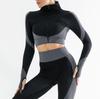 2021 Women's High Waist Butt-Lifting Bubble Sport Zipper Yoga Suit
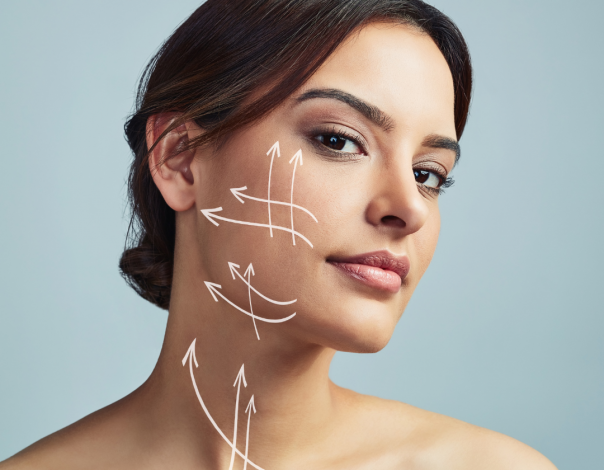 Image of a woman's face with contour lines superimposed.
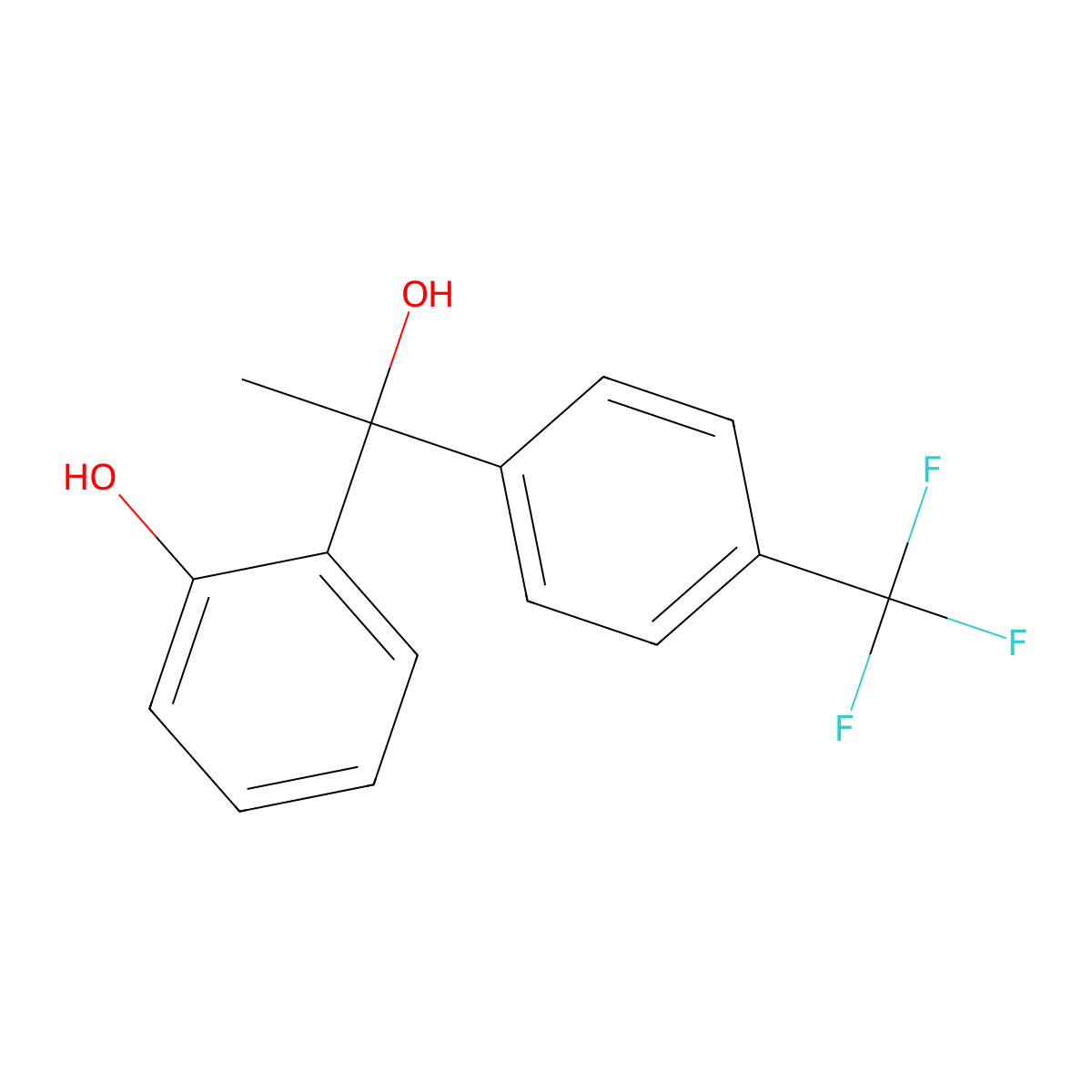 2-{1-Hydroxy-1-[4-(trifluoromethyl)phenyl]ethyl}phenol molecular structure, CAS 1448251-28-2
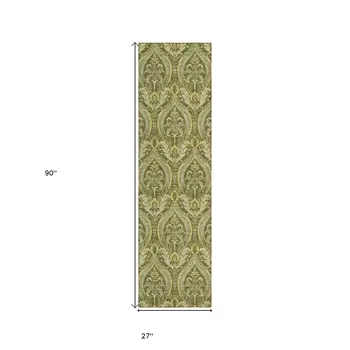 8' Runner Green Damask Washable Non Skid Indoor Outdoor Runner Rug
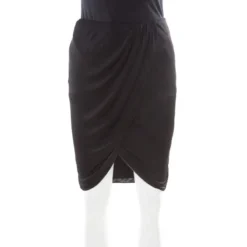 Versace Black Stretch Knit Tulip Wrap Skirt S For Women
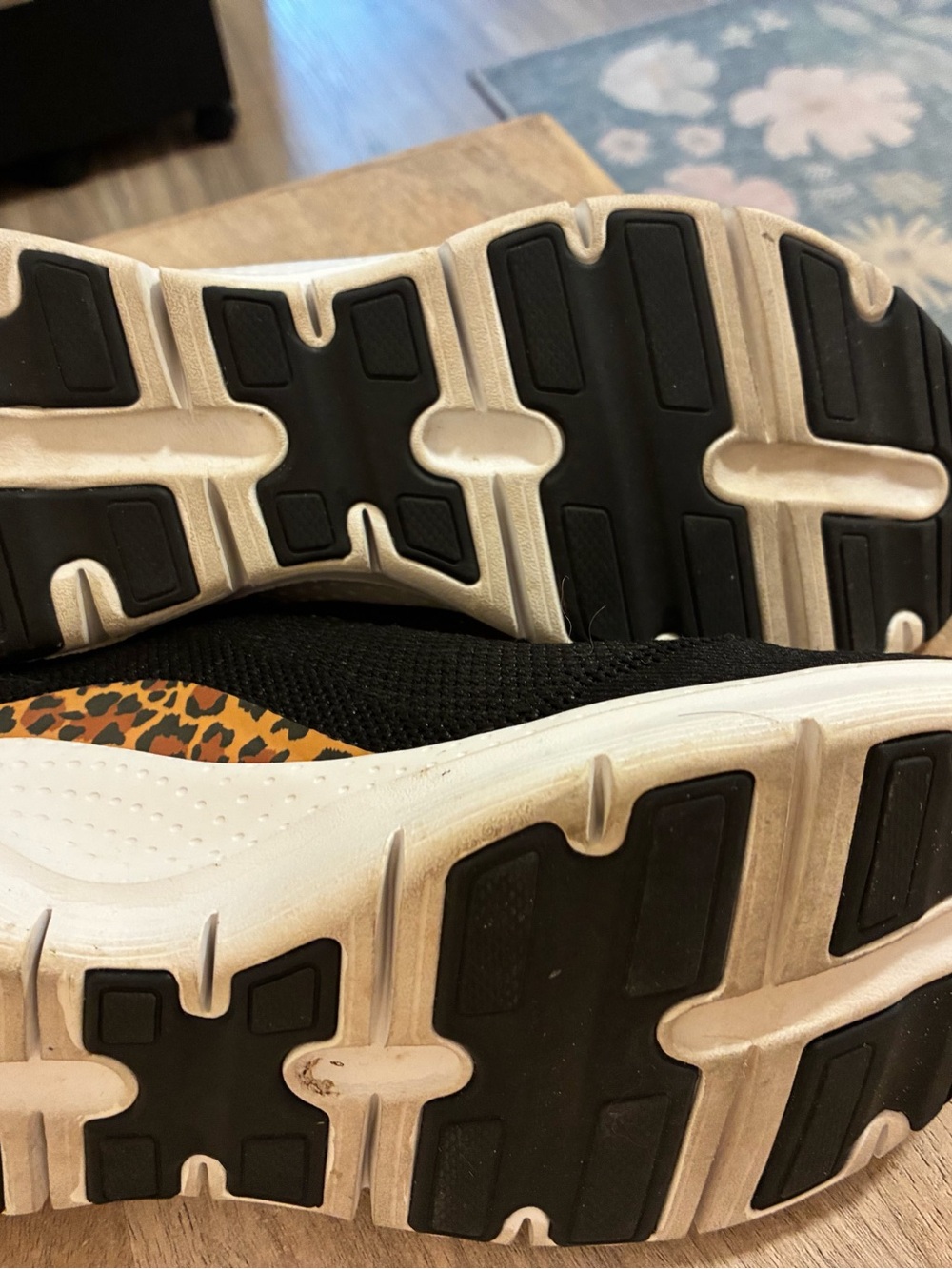 Skechers Black Slip-On Arch Fit Sneakers with Leopard Print Accent - Picture 4 of 5
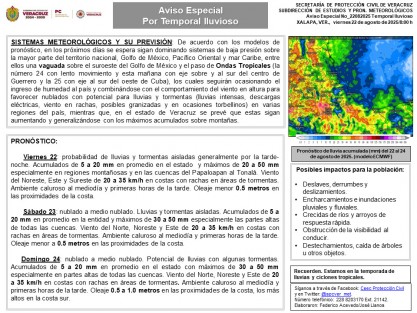 Viernes 22: probabilidad de lluvias y tormentas aisladas generalmente por la tarde-noche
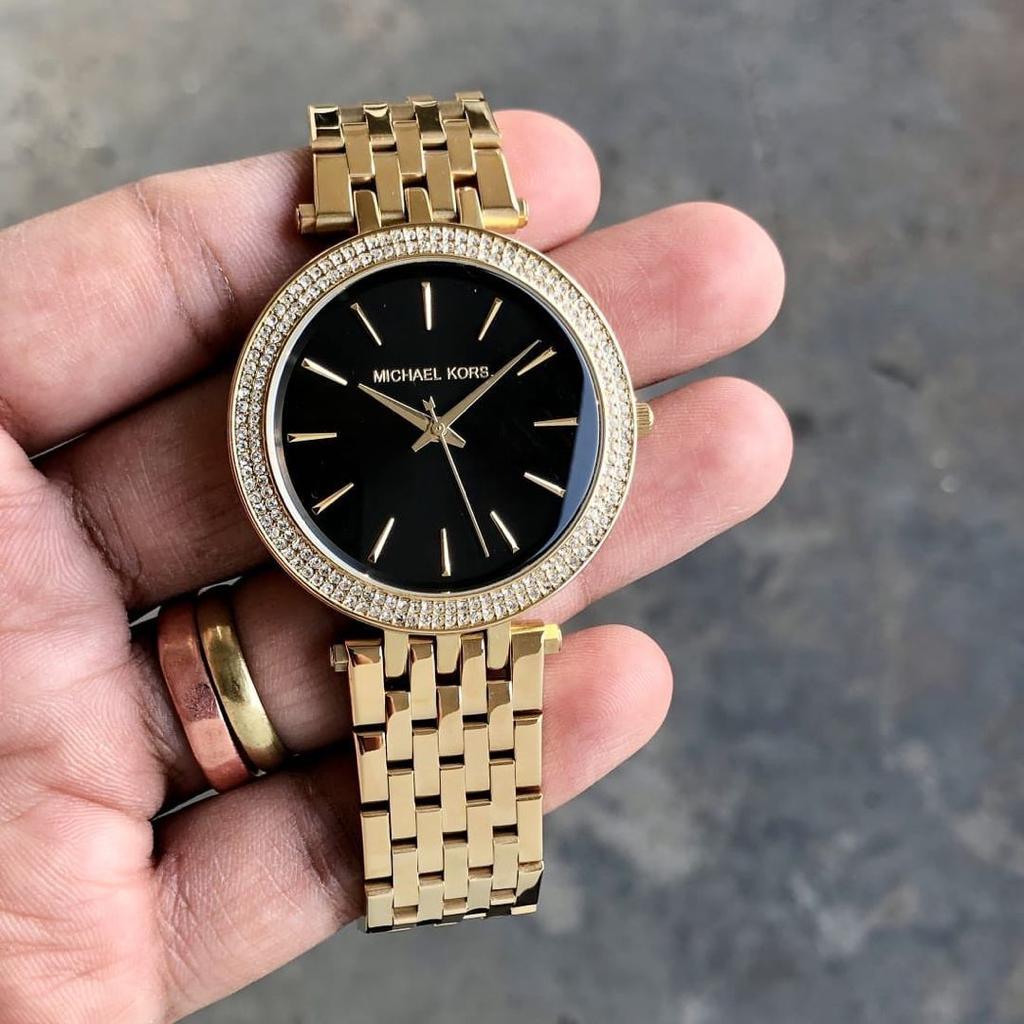 Micheal Kors Darci Gold Black Dial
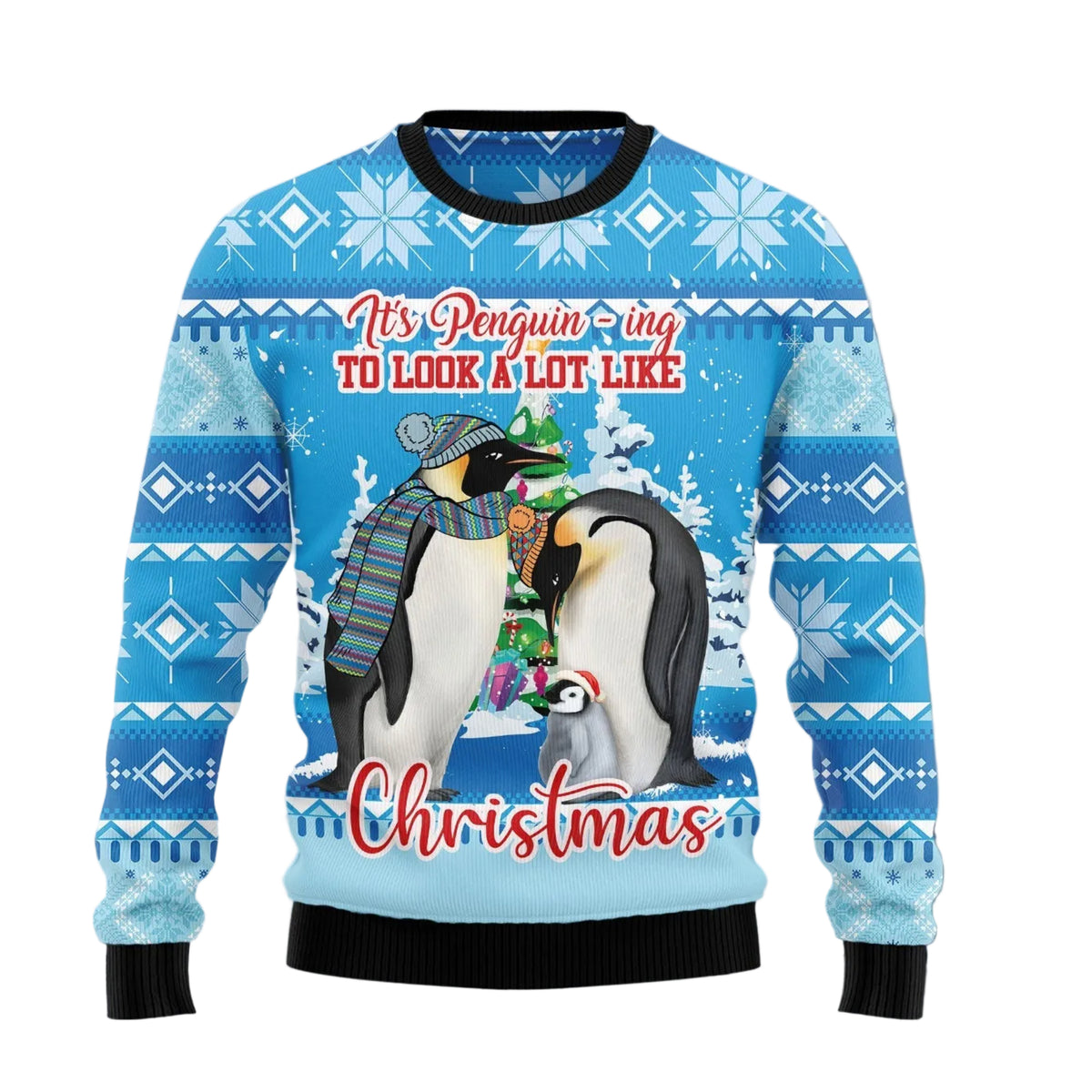 Penguin Family Ugly Christmas Sweater | Fun Holiday Look for Men & Women | Festive Party Top for Penguin Lovers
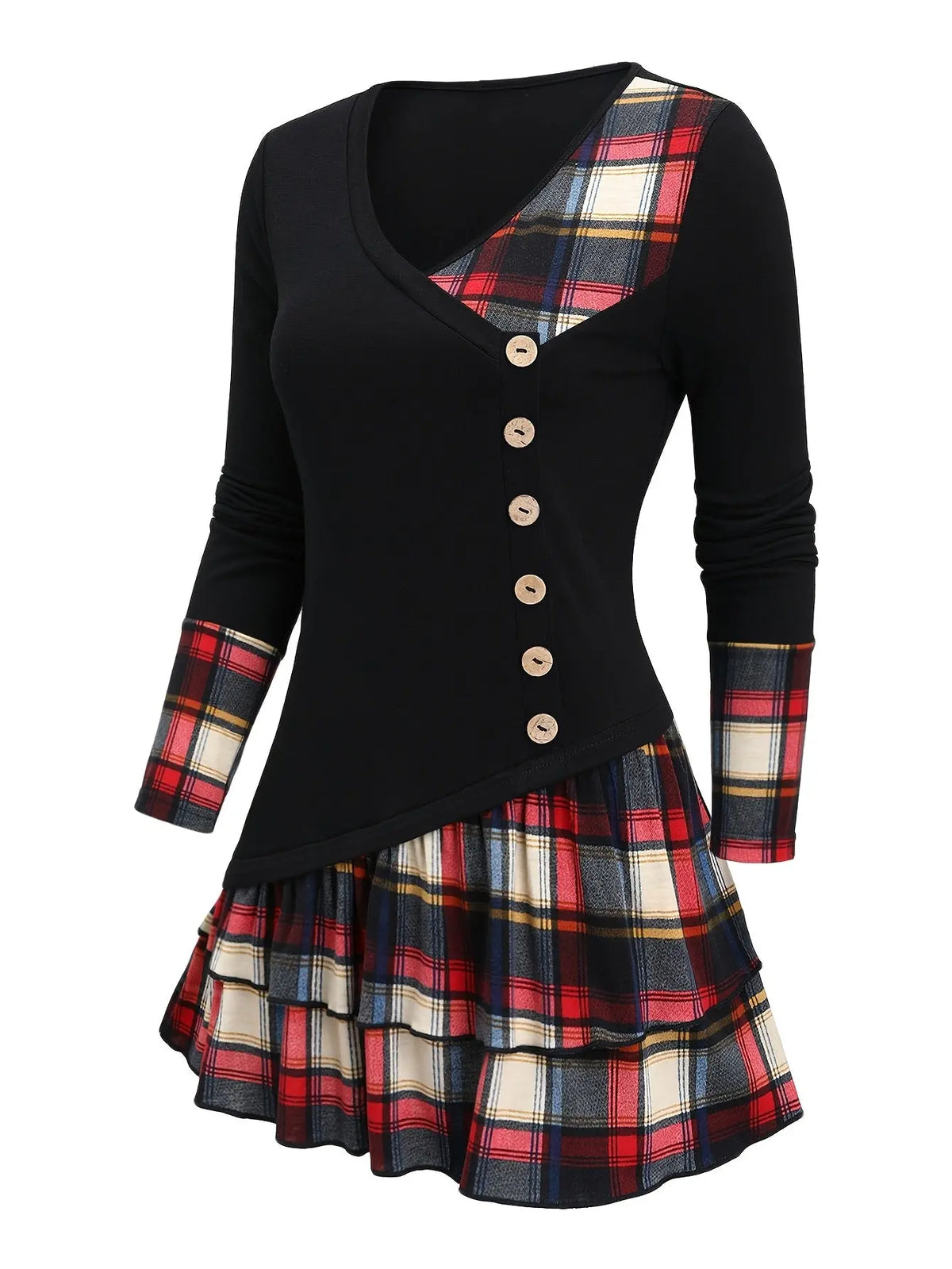 Casual Plaid Patchwork Long Sleeve V-Neck Tunic, Polyester Knit Fabric, Color Block Design, for Spring/Fall SS69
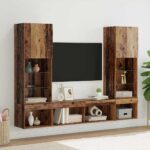 TV nástenné jednotky s LED 5 pcs Staré drevo 40,5 x 30 x 102 cm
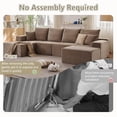 thumbnail image 3 of ODUWA 135" U-Shaped Modular Sectional Sofa, Boneless Cloud Couch for Living Room & Bedroom, Camel, 3 of 7
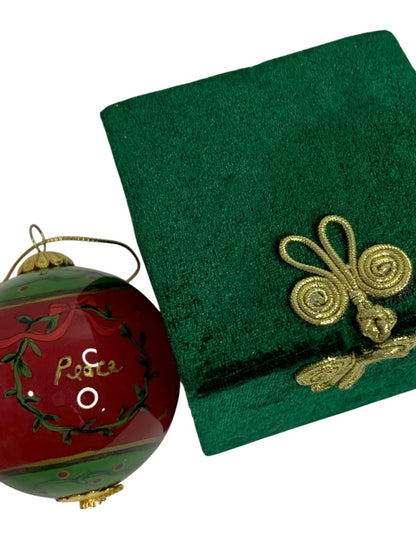 2004 Glass Painted Christmas Dove Ornament in Box 2.5"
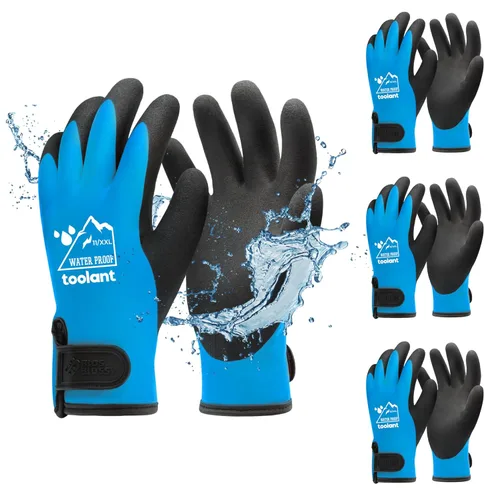 Vista 16 de Guantes impermeables para hombres y mujeres, guantes para congelador con agarre, doble recubrimiento de nitrilo para repelente extremo al aceite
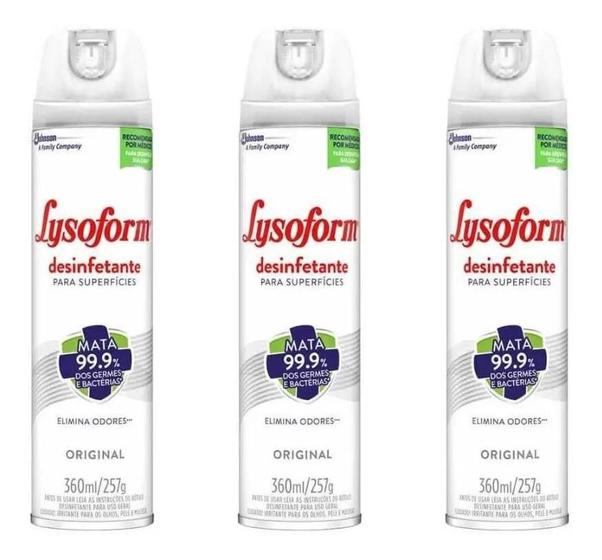 Lysoform Spray Original 360Ml Kit Com 3 Unidades Desinfetante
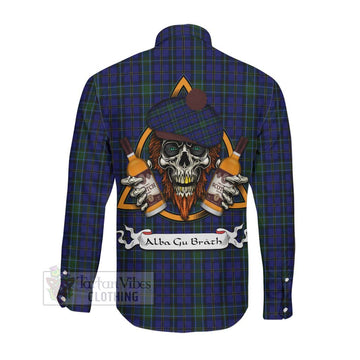 Weir Tartan Long Sleeve Button Shirt with Family Crest and Bearded Skull Holding Bottles of Whiskey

- [Problem statement]
Without including any pictures, copy every line above exactly.

- [Written response]
 2021 Women's High Waist Butt-Lifting Bubble Sport Zipper Yoga Suit
 Image of a woman's face with contour lines superimposed.
 2-{1-Hydroxy-1-[4-(trifluoromethyl)phenyl]ethyl}phenol molecular structure, CAS 1448251-28-2
 8' Runner Green Damask Washable Non Skid Indoor Outdoor Runner Rug
 Versace Black Stretch Knit Tulip Wrap Skirt S For Women
 Skechers Black Slip-On Arch Fit Sneakers with Leopard Print Accent - Picture 4 of 5
 Viernes 22: probabilidad de lluvias y tormentas aisladas generalmente por la tarde-noche
 Micheal Kors Darci Gold Black Dial
 Penguin Family Ugly Christmas Sweater | Fun Holiday Look for Men & Women | Festive Party Top for Penguin Lovers
 Casual Plaid Patchwork Long Sleeve V-Neck Tunic, Polyester Knit Fabric, Color Block Design, for Spring/Fall SS69
 TV nástenné jednotky s LED 5 pcs Staré drevo 40,5 x 30 x 102 cm
 thumbnail image 3 of ODUWA 135" U-Shaped Modular Sectional Sofa, Boneless Cloud Couch for Living Room & Bedroom, Camel, 3 of 7
 2004 Glass Painted Christmas Dove Ornament in Box 2.5"
 Vista 16 de Guantes impermeables para hombres y mujeres, guantes para congelador con agarre, doble recubrimiento de nitrilo para repelente extremo al aceite
 Lysoform Spray Original 360Ml Kit Com 3 Unidades Desinfetante
 Weir Tartan Long Sleeve Button Shirt with Family Crest and Bearded Skull Holding Bottles of Whiskey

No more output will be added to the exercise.